Emerging and commercial farmers of the Oppermans Community in the Northern Cape will now be able to monitor the salinity levels on their farms effectively for the first time.

This is as a result of a donation of the latest technology that measures the salinity of soil – the EM38 system – which the University of the Free State (UFS) is donating to the community.

The unique project was launched by the Department of Soil, Crop and Climate Sciences at the UFS and the Department of Agriculture in the Free State during an information day held at Jacobsdal recently.

The day was attended by members of the Oppermans Community and representatives of the UFS as well as the Department of Agriculture. Mr Sugar Ramakarane, Head of the Department of Agriculture in the Free State, did the welcoming and several academics from the UFS held discussions about various topics related to the salinity levels in soil.

Since the establishment of the Oppermans Community emerging farmers are now for the first time able to accurately monitor the salinity levels on their farms as well as that of irrigation schemes of commercial farms in the area.

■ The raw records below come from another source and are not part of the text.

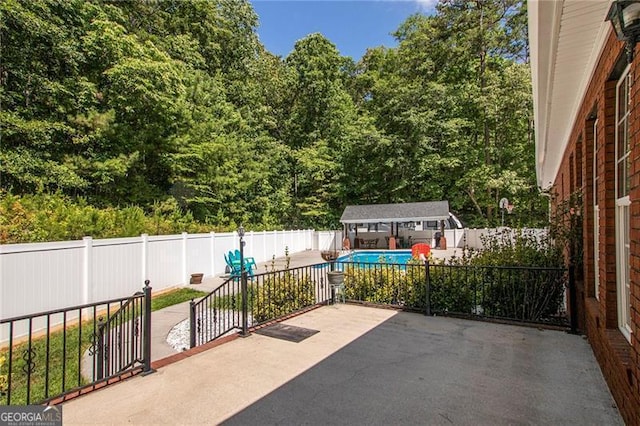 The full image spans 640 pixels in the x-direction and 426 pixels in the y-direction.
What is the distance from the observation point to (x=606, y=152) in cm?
335

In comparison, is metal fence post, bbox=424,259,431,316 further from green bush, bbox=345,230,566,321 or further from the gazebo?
the gazebo

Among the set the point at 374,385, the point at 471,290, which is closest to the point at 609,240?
the point at 374,385

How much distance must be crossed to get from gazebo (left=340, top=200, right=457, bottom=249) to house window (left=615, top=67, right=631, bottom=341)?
19109mm

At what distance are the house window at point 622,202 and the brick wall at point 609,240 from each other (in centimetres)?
6

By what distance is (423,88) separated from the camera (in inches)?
1046

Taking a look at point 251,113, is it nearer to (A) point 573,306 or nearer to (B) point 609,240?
(A) point 573,306

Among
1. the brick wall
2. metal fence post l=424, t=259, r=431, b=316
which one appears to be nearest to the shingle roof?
metal fence post l=424, t=259, r=431, b=316

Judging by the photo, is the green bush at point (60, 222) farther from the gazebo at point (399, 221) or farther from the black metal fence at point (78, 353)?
the gazebo at point (399, 221)

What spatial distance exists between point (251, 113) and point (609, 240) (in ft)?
83.2

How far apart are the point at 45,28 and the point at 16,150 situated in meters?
5.08

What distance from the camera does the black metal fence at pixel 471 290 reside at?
18.8 feet

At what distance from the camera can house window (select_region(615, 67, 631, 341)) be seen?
2996mm

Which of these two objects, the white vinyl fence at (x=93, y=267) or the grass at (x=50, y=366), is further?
the white vinyl fence at (x=93, y=267)

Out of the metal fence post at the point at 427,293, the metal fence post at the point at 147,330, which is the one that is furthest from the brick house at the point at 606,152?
the metal fence post at the point at 147,330
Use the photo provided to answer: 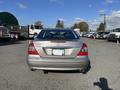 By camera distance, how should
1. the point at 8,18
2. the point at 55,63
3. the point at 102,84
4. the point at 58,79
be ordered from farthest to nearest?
the point at 8,18, the point at 55,63, the point at 58,79, the point at 102,84

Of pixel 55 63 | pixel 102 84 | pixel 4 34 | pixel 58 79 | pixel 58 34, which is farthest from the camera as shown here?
pixel 4 34

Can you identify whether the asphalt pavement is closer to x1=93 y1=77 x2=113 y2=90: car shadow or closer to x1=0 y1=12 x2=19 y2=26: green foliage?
x1=93 y1=77 x2=113 y2=90: car shadow

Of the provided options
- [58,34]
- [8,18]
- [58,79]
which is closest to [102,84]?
[58,79]

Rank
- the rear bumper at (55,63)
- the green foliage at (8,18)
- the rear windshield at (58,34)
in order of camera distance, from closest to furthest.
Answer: the rear bumper at (55,63)
the rear windshield at (58,34)
the green foliage at (8,18)

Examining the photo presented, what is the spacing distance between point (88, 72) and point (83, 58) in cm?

“In a region such as the Northern Cape it is very important that the salinity level of soil is monitored properly. As water is administered to crops, salts accumulate in the soil because the roots leave most of the salts in the soil when it transpires. When the salinity of soil increases, the osmotic potential thereof can also increase, which can seriously damage the water intake of crops and can create loss in yield and income,” said Prof. Leon van Rensburg from the Department of Soil, Crop and Climate Sciences at the UFS and leader of the Oppermans Project.

To assist the farming community of Oppermans to apply precision farming and to measure the salinity level of soil more accurately the latest technology that measures salinity in soil – the EM38 – will be donated to the community. Although the system is used throughout the world, the UFS is the only tertiary institution in the country that owns the latest version of this system.

“We are also training two persons from the Oppermans Community as technicians that will monitor the use of the system. The advantage of the donation of the system for the university is that we can gather data that can be used for research purposes by our Master’s and Doctoral students. We also want to see if water-table heights can be measured with this system,” said Prof. Van Rensburg.

According to him the system has several advantages for the community’s emerging farmers. “For the first time the salinity level of soil can now be measured accurately, salt maps can be drawn up, we can advise farmers about the corrections that need to be made and salinity management plans can be compiled,” he said.

The system is very accurate as it takes measurements every 200 mm while it is pulled by a four-wheel motorbike. The readings provide the distribution of salts up to a soil depth of 1 500 mm. “In the past the measuring of salinity levels was time-consuming and the cost thereof was R90 for one sample. The new system is more cost-effective,” stated Prof. Van Rensburg.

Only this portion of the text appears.